Weeks turned into months.
I kept doing what Gryan wanted, patrolling farms, chasing off small Defias groups, delivering messages, keeping the roads “safe.” The work never really stopped, and neither did the coin. It was just never enough. A few silver here and there, sometimes a meal or a place to sleep. Nothing like what Mathias used to pay.
Gryan is the kind of man who believes problems can be solved if you just hit them hard enough. He doesn’t understand why people keep turning against him. He doesn’t see the quiet looks, the way conversations stop when his men walk by. He thinks it’s fear. I’m starting to think it’s something else.
The land itself feels tired. Burned fields, empty houses, people who look at you like you’re either a threat or a fool for still being here. I’ve started to understand why so many joined the Defias. Not because they wanted to be bandits, but because Stormwind left them with nothing, and Gryan’s “solutions” only made it worse.

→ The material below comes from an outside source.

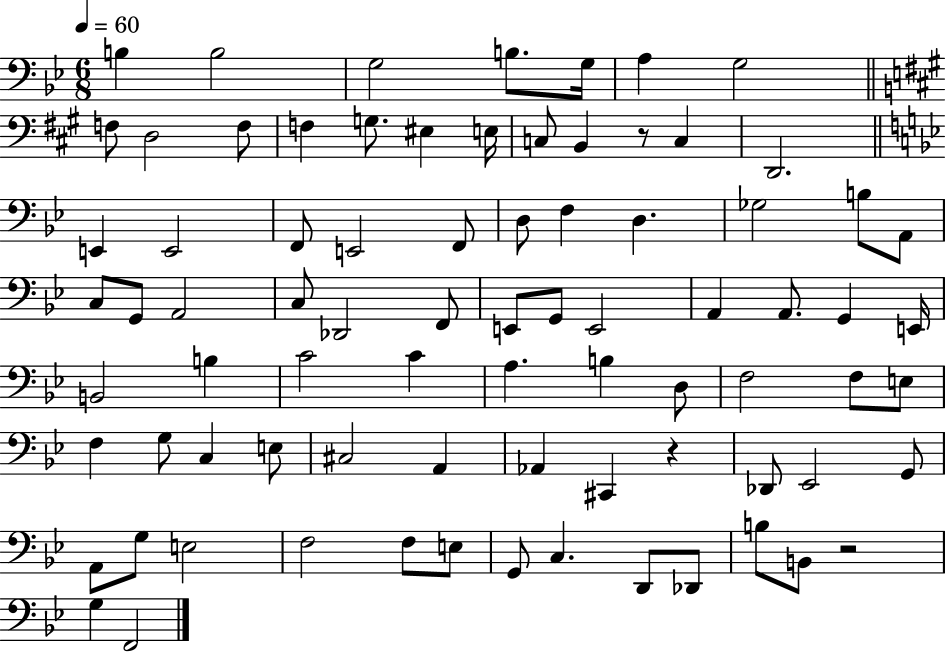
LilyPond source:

I’ve been thinking about leaving more and more. Pack up, head somewhere else. Anywhere else. But every time I consider it, I remember how thin my coin purse is. And that old map piece still sits in my pack like an itch I can’t quite scratch.
One evening, after another pointless patrol, I sat by a dying fire with a couple of the locals. One of them, an older man with tired eyes, looked at me and said quietly:
“You’re still here. Most of Shaw’s people don’t last this long. They either get smart and leave… or they start believing the lies.”
I didn’t answer him.
But I’ve started to wonder which one I am.